» **Data provided**
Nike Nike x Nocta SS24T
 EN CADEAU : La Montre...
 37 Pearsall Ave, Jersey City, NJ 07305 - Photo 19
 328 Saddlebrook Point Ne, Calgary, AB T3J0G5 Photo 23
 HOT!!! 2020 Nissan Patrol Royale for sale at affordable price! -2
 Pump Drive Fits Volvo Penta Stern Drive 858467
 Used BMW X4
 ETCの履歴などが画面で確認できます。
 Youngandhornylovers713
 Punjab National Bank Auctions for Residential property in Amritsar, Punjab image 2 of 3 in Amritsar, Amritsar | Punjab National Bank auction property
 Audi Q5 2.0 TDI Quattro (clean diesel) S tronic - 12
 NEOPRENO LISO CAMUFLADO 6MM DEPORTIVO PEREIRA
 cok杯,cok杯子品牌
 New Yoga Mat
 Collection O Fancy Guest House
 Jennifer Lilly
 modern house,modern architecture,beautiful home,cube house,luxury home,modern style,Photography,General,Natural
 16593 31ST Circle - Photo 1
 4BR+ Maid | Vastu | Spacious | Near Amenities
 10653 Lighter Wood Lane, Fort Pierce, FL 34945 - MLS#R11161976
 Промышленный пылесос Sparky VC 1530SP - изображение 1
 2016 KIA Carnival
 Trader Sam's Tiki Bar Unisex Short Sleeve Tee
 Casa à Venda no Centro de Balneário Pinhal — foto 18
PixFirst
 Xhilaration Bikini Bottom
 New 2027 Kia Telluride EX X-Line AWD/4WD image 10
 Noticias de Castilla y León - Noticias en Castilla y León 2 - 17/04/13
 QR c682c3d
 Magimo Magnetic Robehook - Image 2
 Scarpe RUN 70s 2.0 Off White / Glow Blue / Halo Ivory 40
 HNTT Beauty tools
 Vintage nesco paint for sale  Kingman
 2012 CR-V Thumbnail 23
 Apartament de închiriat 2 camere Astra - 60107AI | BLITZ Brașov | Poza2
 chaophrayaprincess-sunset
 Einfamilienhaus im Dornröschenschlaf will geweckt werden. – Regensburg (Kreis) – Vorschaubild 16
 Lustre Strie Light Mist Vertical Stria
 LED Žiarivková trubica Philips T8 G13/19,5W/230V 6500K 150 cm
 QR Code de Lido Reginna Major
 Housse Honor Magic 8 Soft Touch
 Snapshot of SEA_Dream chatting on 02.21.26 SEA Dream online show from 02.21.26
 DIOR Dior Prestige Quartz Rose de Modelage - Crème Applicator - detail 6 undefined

» **Your instructions**
Begin with the first line of the records and finish with the line containing "modern house,modern architecture,beautiful". Reproduce those lines exactly, both ends included, and nothing else.

» **Answer to this task**
Nike Nike x Nocta SS24T
 EN CADEAU : La Montre...
 37 Pearsall Ave, Jersey City, NJ 07305 - Photo 19
 328 Saddlebrook Point Ne, Calgary, AB T3J0G5 Photo 23
 HOT!!! 2020 Nissan Patrol Royale for sale at affordable price! -2
 Pump Drive Fits Volvo Penta Stern Drive 858467
 Used BMW X4
 ETCの履歴などが画面で確認できます。
 Youngandhornylovers713
 Punjab National Bank Auctions for Residential property in Amritsar, Punjab image 2 of 3 in Amritsar, Amritsar | Punjab National Bank auction property
 Audi Q5 2.0 TDI Quattro (clean diesel) S tronic - 12
 NEOPRENO LISO CAMUFLADO 6MM DEPORTIVO PEREIRA
 cok杯,cok杯子品牌
 New Yoga Mat
 Collection O Fancy Guest House
 Jennifer Lilly
 modern house,modern architecture,beautiful home,cube house,luxury home,modern style,Photography,General,Natural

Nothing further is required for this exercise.